An initial set of 1,000 pseudo-absences was generated randomly across
the land mask using sample_pseudoabs(). These initial
pseudo-absence records were subsequently rasterised to produce a
sampling effort density surface, used in the next step
to apply a spatial bias correction.
pseudo <- sample_pseudoabs(
data = chameleon,
raster = Land_mask,
n = 1000,
method = "random",
class_label = "pseudoabs",
return_pres = TRUE
)
# Rasterise pseudo-absence density for use in bias-corrected background sampling
pseudo_background_raster <- rasterize(pseudo, Land_mask, fun = "count")
pseudo_background_raster <- mask(pseudo_background_raster, Land_mask)
# Aggregate to slightly coarser resolution for visualisation
r <- pseudo_background_raster
r_agg <- aggregate(r, fact = 2, fun = sum, na.rm = TRUE)

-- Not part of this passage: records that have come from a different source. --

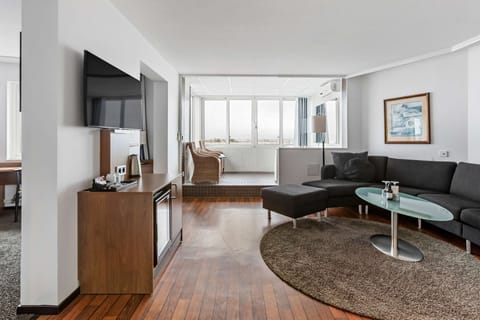 Suite, 1 Queen Bed, Jetted Tub, Sea View | Living area | 32-inch LCD TV with cable channels, TV, streaming services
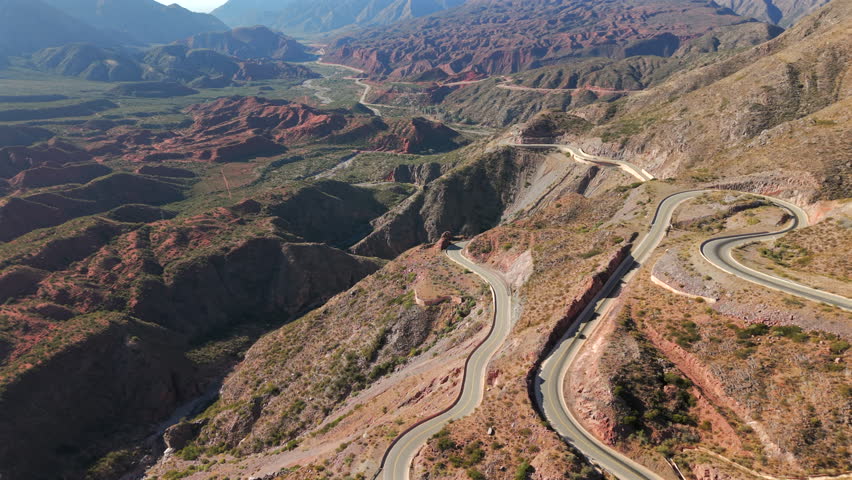 High-altitude orbital view capturing the dramatic switchbacks of the famous Ruta 40 as it climbs the steep, colorful slopes of the Cuesta de Miranda, Chilecito, La Rioja Province, Argentina
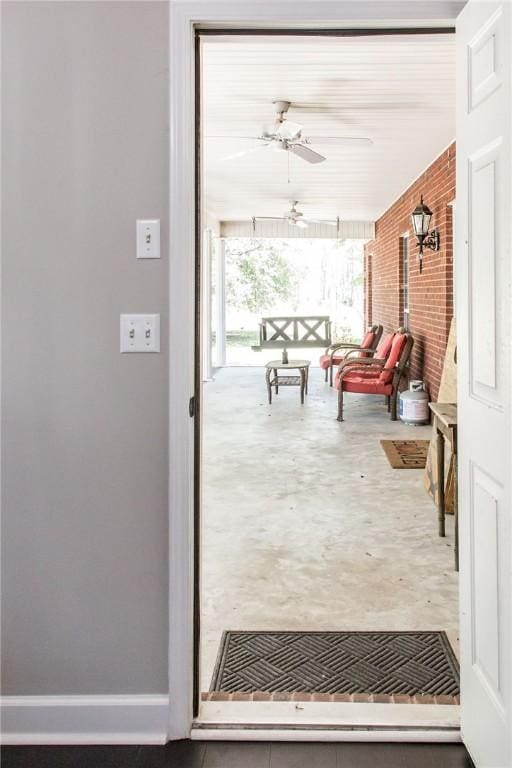 doorway to outside with ceiling fan, brick wall, and concrete flooring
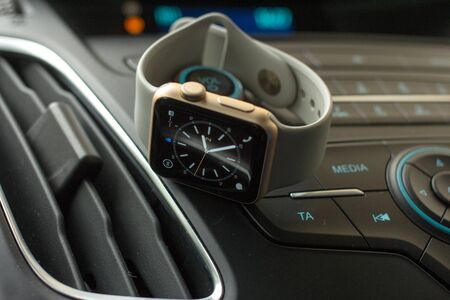 Smart watch on car dashboardの写真素材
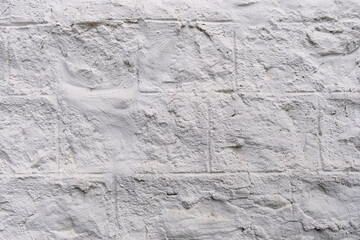 Background of white cracked plaster on the wall. An old wall with uneven cladding is full of cracks and roughness. Rough background of a white wall with bumps. Free space for text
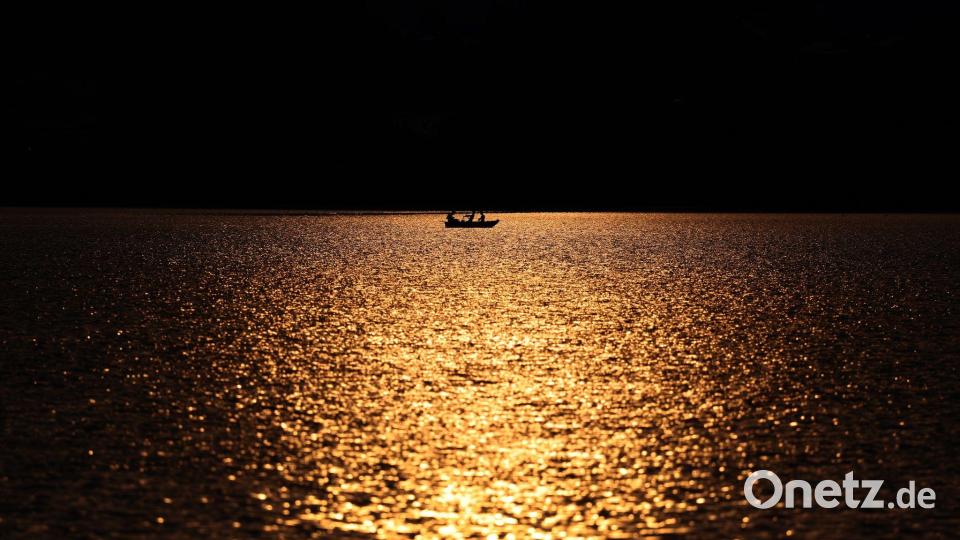 Angler rudern in einem Kahn über den im Sonnenuntergang glitzernden Hopfensee. Bild: Karl-Josef Hildenbrand/dpa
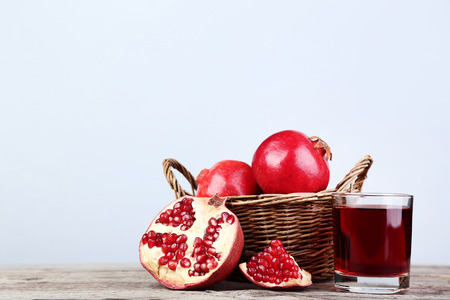 Pomegranate fruit and juice in glass on grey wooden tableの写真素材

global(r_agg, fun = c("min", "max", "sum", "mean"), na.rm = TRUE)# Plot pseudo-absence density
df2 <- as.data.frame(r_agg, xy = TRUE, na.rm = FALSE)
names(df2)[3] <- "count"
ggplot(df2, aes(x = x, y = y, fill = count)) +
geom_raster() +
geom_sf(data = Nsanje, fill = NA, color = "black",
linewidth = 0.6, inherit.aes = FALSE) +
scale_fill_viridis_c(na.value = "transparent", name = "Count") +
labs(
title = "Pseudo-absence sampling density raster",
subtitle = "Aggregated point density surface (fact = 2) used for bias-corrected background sampling",
caption = "Higher cell values indicate greater pseudo-absence density"
) +
theme_minimal(base_size = 12)A well-documented problem in SDMs built from museum and citizen-science occurrence data is spatial sampling bias: occurrences are not drawn randomly from the landscape but cluster around roads, settlements, and previously surveyed localities (Phillips et al., 2009; Kramer-Schadt et al., 2013). If background points are sampled uniformly at random, the model may learn to distinguish presence localities from the background on the basis of their accessibility rather than their ecological suitability — producing artificially inflated performance metrics and misleading habitat maps.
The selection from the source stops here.